4. 市場が小ぶりながらも参入容易な香港・シンガポール

香港は12位、シンガポールは14位にランクされています。香港の市場規模は2.3ポイント、シンガポールは1.3ポイントと日本77.6ポイントに比較すると非常に小さな規模です。市場ポテンシャルも日本と同じくらいのポイントなので、同じ中国語圏でもある中国に比較するとやはり小さいです。しかしながら、インフラ基盤は両国ともに100、消費者行動も約90というECビジネスを行う基盤はパーフェクトです。外国企業にとっても中国と違い開放的に規制も緩く、市場参入が世界で最も容易な国のグループに属します。こういう属性から日本企業も昨今、両国への参入を果たす企業が後を絶ちません。筆者がコンサルをしている日本企業においても、アジア圏内のターゲット国に上がってくるのが、この2国と台湾です。前述のとおり中国は参入障壁が高いので、まずはこれらの国で中国語圏での足場を固めて、ノウハウを蓄積して数年後の本格的な中国本土上陸を目指す、といったステップを踏むことが多いです。クオリティの良い日本製品ファンが多い3か国ですから、ぜひスマールスタートでもよいと思うので、トライしてみてはいかがでしょうか。他の東南アジア国はちょっと癖があるので、優先度は高くなくていいかなと個人的は思っています。いづれ東南アジアでのEコマース展開については詳細を説明したいと思っています。

5. 案外見落とせない韓国

最後に7位でランクされている韓国です。言わずもがなお隣の国です。正直、ここまで魅力度が高いとは意外でした。世界でもトップクラスのインターネット大国でありますので、Eコマースの浸透度も極めて高く、インフラもほぼパーフェクトであるのも、うなづけます。Eコマースサイト運用は韓国語が必須ですが、言語的な壁を乗り越えれば市場参入は容易で、市場規模も小さくないので、そこそこリターンも期待できるように思います。両国間の政治的な課題はありますが、日本製品のファンも多い国ですので、十分やってみる価値はあります。

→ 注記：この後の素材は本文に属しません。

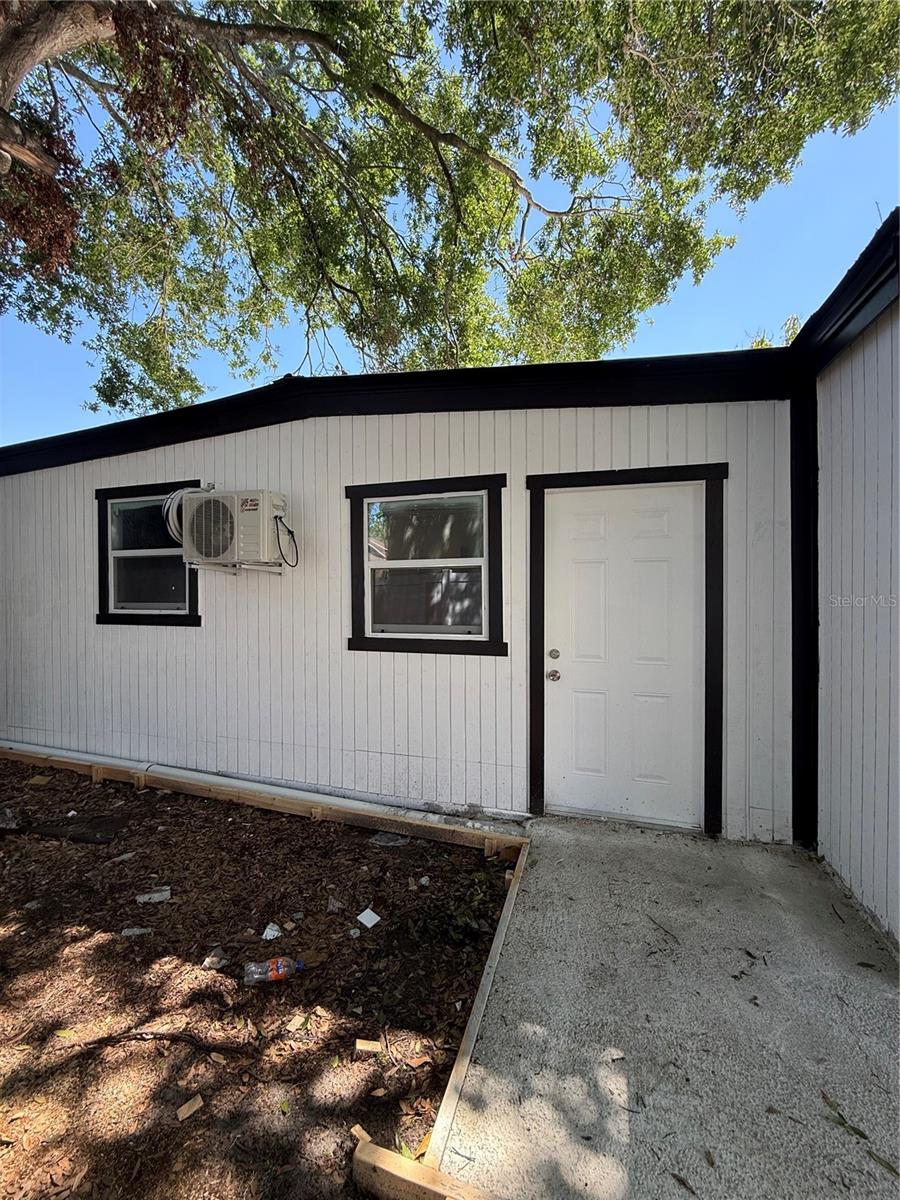 3417 W Saint Conrad St #b Property Photo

今日のまとめに入ります。日本はあえて触れませんでしたが、市場魅力度は4位に位置していますので、日本国内企業にとってもまだまだ魅力的な市場(競争はかなり激化していますが。。)だとグローバルな視点だと言えるようです。一方、日本市場に参入してくる、参入検討している外国企業は非常に増えています。筆者は海外に出たい日本企業のご支援をメインでやっておりますが、外国企業の日本進出サポートもカバーしています。今までは欧米企業がメインでしたが、昨年後半頃から中国大手企業の日本市場参入の案件が多く持ち込まれるようになっています。内需成長から外需成長へと本格的に舵取りを始めた証左と思えます。これらの状況を鑑みると、双方向(クロスボーダー)Eコマースは今後、爆発的に成長する分野なのかもしれません。日本企業はこの機を逃さず、積極的に国外へ市場機会を求めていただき、グローバルの成長機会を取り込んでいただきたいと思っています。その際にターゲット国をどこに定めるのか? 市場規模、成長ポテンシャル、消費者行動、インフラ面(決済、配送、税金、法律、IT、言語、Eコマースプラットフォーム等)を考慮しながら、選定していくことが大切なポイントになります。過去3回にわたり、グローバルのEコマーストレンドについて書いてきましたが、次回からは越境EC・海外向けネットショップをどう具体的に開業・運営していったらよいか、整理していきたいと思います。